In the wake of the government policy decision to pull the plug on nuclear, Germany has ramped up its renewables drive, but this has been hampered by delays in work to boost the country’s transmission and distribution network.
However, the new research – conducted by renewables consultancy Ecofys and the Smart Energy for Europe Platform (SEFEP) – concludes that “even without any grid expansion by 2020, Germany can still deploy significant renewable electricity sources within 15 years”.
The report’s authors say that they have debunked “two persistent myths regarding the Energiewende: the first that if Germany’s grid expansion plans are delayed, a slowdown in renewable energy investment will happen in the coming years, and the second that wind should be built where it’s windy, and solar should be built where it’s sunny”.
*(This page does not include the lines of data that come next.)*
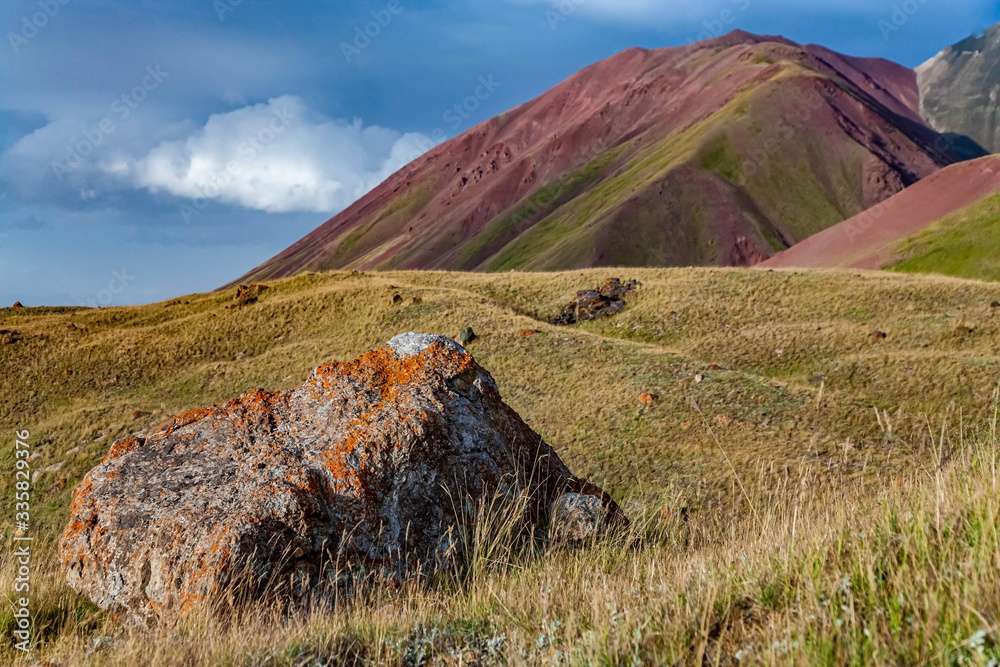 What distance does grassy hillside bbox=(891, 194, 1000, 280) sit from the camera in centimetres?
5291

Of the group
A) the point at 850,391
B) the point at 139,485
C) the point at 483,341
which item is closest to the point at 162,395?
the point at 483,341

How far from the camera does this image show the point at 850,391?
2339 centimetres

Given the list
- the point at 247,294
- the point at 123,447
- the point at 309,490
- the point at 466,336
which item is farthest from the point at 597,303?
the point at 309,490

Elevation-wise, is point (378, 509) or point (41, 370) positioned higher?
point (41, 370)

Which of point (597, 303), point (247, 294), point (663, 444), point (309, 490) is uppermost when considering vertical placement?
point (247, 294)

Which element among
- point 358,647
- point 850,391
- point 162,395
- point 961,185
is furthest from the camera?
point 961,185

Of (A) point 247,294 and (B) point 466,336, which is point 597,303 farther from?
(A) point 247,294

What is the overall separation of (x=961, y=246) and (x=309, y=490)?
64701 millimetres

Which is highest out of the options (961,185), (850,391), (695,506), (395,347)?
(961,185)

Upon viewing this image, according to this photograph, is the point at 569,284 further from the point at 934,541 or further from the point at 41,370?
the point at 934,541

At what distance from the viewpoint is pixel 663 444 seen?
19.9 meters

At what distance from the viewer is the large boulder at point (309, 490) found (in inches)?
268

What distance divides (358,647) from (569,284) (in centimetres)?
3798

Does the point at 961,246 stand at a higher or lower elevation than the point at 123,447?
higher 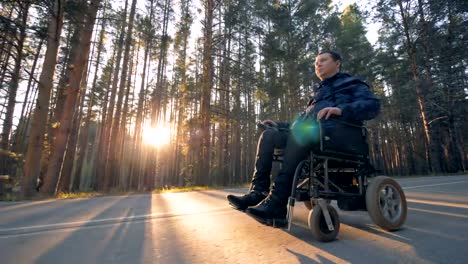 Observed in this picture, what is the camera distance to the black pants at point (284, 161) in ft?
5.83

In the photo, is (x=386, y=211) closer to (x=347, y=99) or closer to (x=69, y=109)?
(x=347, y=99)

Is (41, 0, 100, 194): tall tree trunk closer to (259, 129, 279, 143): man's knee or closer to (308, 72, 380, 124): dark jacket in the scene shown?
(259, 129, 279, 143): man's knee

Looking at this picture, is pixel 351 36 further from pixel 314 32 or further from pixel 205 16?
pixel 205 16

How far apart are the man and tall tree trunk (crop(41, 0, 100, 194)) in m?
7.40

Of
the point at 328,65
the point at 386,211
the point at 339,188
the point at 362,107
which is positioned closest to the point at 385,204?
the point at 386,211

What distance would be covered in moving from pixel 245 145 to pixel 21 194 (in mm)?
22159

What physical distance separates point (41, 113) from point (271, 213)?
7272mm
The study found that Germany can still meet its target of getting 72 per cent of its energy from renewable sources by 2030 even if grid expansion is limited to projects that were already under construction by December 2012.
And it adds that the costs of this limited grid expansion would be manageable: “System costs would only increase by 0.8 to 3 per cent depending on the geographical distribution and generation profile of the nation’s renewable energy sources.”
Christian Nabe, electricity market specialist at Ecofys, said: “If grid expansion is delayed, about €800 million in transmission costs can be saved per year if we spread wind and photovoltaic installations more evenly across the country.”
The study concludes that increased amounts of PV and onshore wind, with a decreased share of offshore wind, would create a system that was more robust against grid expansion delays.
“If more offshore wind is added, then grid expansion becomes more urgent as, for example, offshore wind power generated in the northern part of the country needs to be transported to southern population centres,” staes the report.
It adds that replacing 10 GW of offshore wind with solar PV and onshore wind would not disadvantage the total system cost, create more emissions or require increased curtailment.
Ecofys said that “system flexibility will also be key to Germany’s energy future”.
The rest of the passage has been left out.